[Task to complete] Each entry is to be given again exactly; drop the images.
───── Provided information
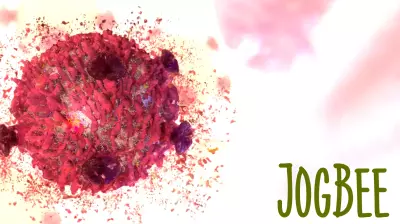 New iron nanomaterial wipes out cancer cells without harming healthy tissue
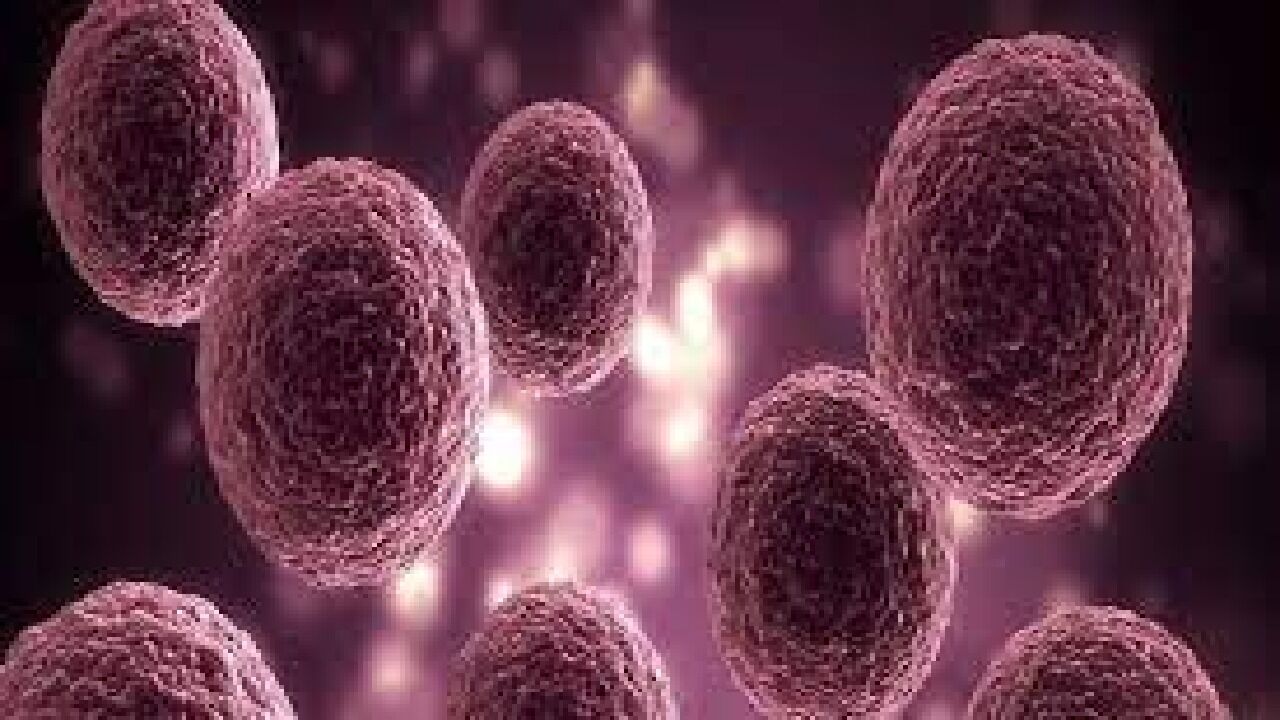 Norovirus Case : भारत में नए वारयस की एंट्री, वायनाड में 13 केस मिलने से हड़कंप जाने क्या है नोरोवायरस Norovirus Case : भारत में नए वारयस की एंट्री, वायनाड में 13 केस मिलने से हड़कंप जाने क्या है नोरोवायरस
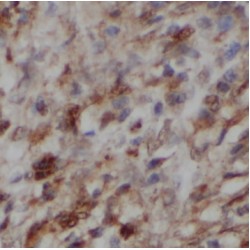 Nucleolar And Coiled-Body Phosphoprotein 1 (NOLC1) Antibody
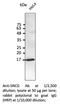 Synuclein Gamma antibody, AB0287-100, SICGEN, Western Blot image 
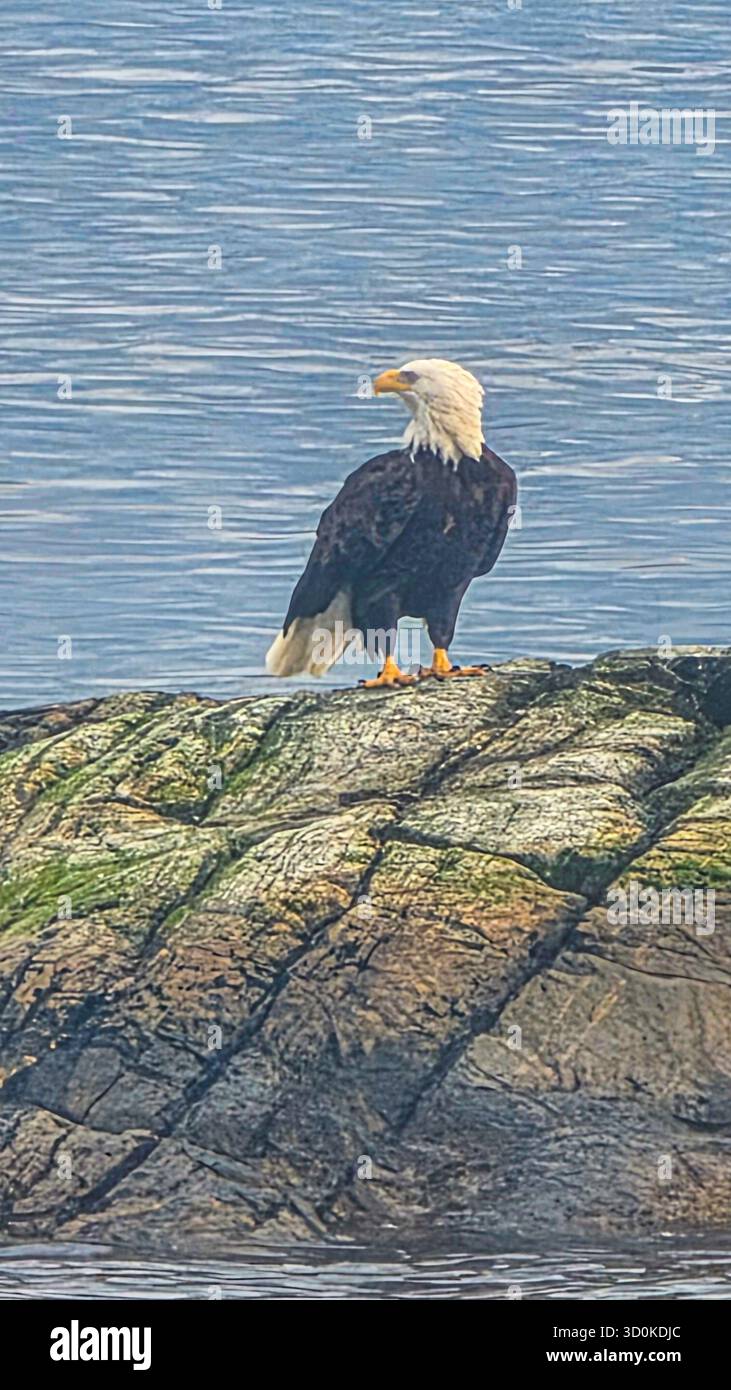 Weißkopfseeadler auf Küstenfelsen - Smartphone-aufgenommenes Stockfoto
──────────
[Solved problem]
 New iron nanomaterial wipes out cancer cells without harming healthy tissue
 Norovirus Case : भारत में नए वारयस की एंट्री, वायनाड में 13 केस मिलने से हड़कंप जाने क्या है नोरोवायरस Norovirus Case : भारत में नए वारयस की एंट्री, वायनाड में 13 केस मिलने से हड़कंप जाने क्या है नोरोवायरस
 Nucleolar And Coiled-Body Phosphoprotein 1 (NOLC1) Antibody
 Synuclein Gamma antibody, AB0287-100, SICGEN, Western Blot image 
 Weißkopfseeadler auf Küstenfelsen - Smartphone-aufgenommenes Stockfoto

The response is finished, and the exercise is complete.